These issues of abortion and the sanctity of human life are indeed different from every other social and political issue of our day.    Yes, there remain huge issues related to racial injustice and structural economic injustices in our society. But we do not have laws that actively enslave certain ethnicities or classes of people, or that pro-actively spell out racial inequality as the law of the land.  I have often stated from the pulpit that racism in America is our core sin, because it strikes against our very creed of all people being created equal. BUT, structural inequalities and faulty policy are NOT the same as laws stating a fundamental right to terminate a human life.  And racial inequities and injustices that we agonize over and seek to remedy by policy or by legislation do not carry the same weight of moral darkness as holding a celebration when a new law is passed to extend the right to terminate an unborn child’s life up to the very last day of pregnancy.  These things descend to a new, lower level of evil that affects all of us and which invites the judgment of God upon our land.

I have sought to state this case as dispassionately as I can, not because I believe that these are not issues to be passionate about.  But rather, so much of our current argument over these matters descends into language that dehumanizes and demonizes those with whom we disagree.  This never advances the redemptive purposes of God. How can I argue for the dignity and sanctity of human life by dehumanizing those who disagree with me?  

So what can we do?  First, we must continue to pray.  I believe that a generation of prayer is moving the needle on this issue.  Prayers of repentance before God; prayers calling out for his mercy; prayers asking God to raise up courageous and fearless voices on these issues; prayers for the victims of abortion—including those who practice this grisly art; and prayers for those in political power who can affect change in our laws.  And prayers calling upon the Lord of life to push back the cosmic level evil power called death and to see it toppled from its place of ruling over so much of our culture.  Our prayers, however, must originate from a heart of identification with America in our lost condition and repentance toward God.  Prayers of accusation against people with whom we disagree or despise are hardly the kind of prayers that will engage and release the mercy of God that our country needs.  In the Scriptures the prophet Daniel (one of the most righteous men in all the Bible) began his prayer for Israel with the language of identification and repentance: “O Lord, we have sinned . . .”

We can also act to aid those who feel trapped by an unwanted pregnancy—both mothers and fathers.  We are currently connecting with pregnancy help centers in our area and will soon have information about how we can help support alternatives to abortion and support for mothers who need help to carry through a pregnancy and to possibly place a child for adoption.
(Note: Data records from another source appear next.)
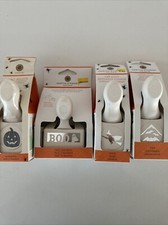 Martha Stewart Large Halloween Flying Witch Bats Pumpkin Boo Paper Punch Lot NIP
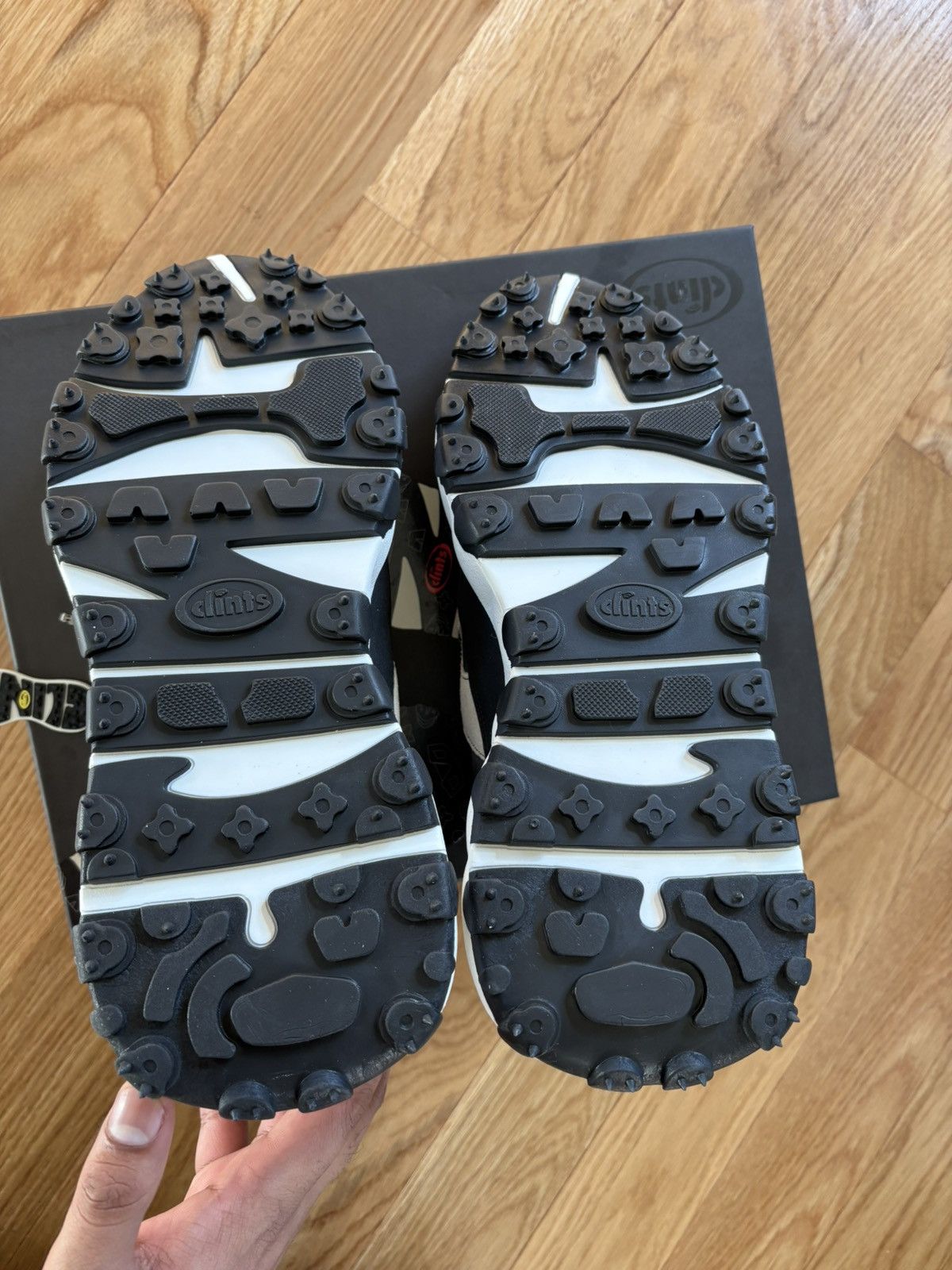 Clints Clints Co TRL Footprint 2.0 Beige Black Low Sneakers Sz 10 Size US 10 / EU 43 - 5 Thumbnail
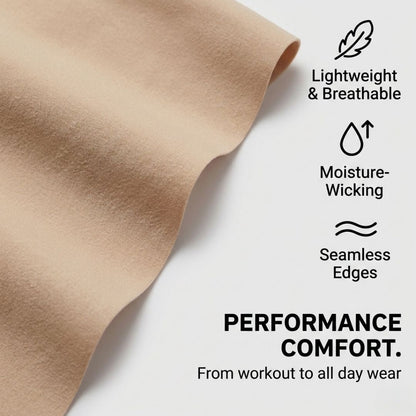 High-Rise Invisible Camel Toe Thong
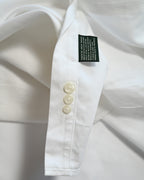 Lauren Ralph Lauren /Oversized button down white shirt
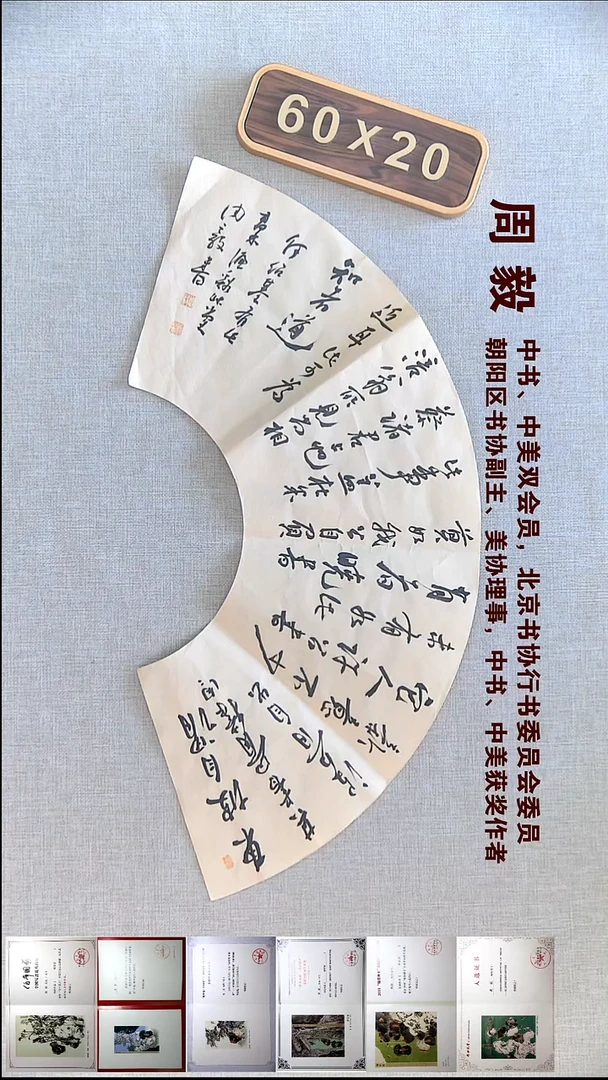 书法周毅书法扇面福利60*20东坡自谓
My expectation is that there may well be a similar initiative in Connecticut as we have seen in New York to extend the “right” to terminate unborn babies into the final trimester of pregnancy.  My hope in writing and sharing these thoughts is that I might add some light to a discussion where there is already a lot of heat. If such a push in our legislature arises, may we be prepared to pray and advocate against this evil.  And may we be prepared to do so in genuine Kingdom love. May the Lord forgive us our sins and heal our land.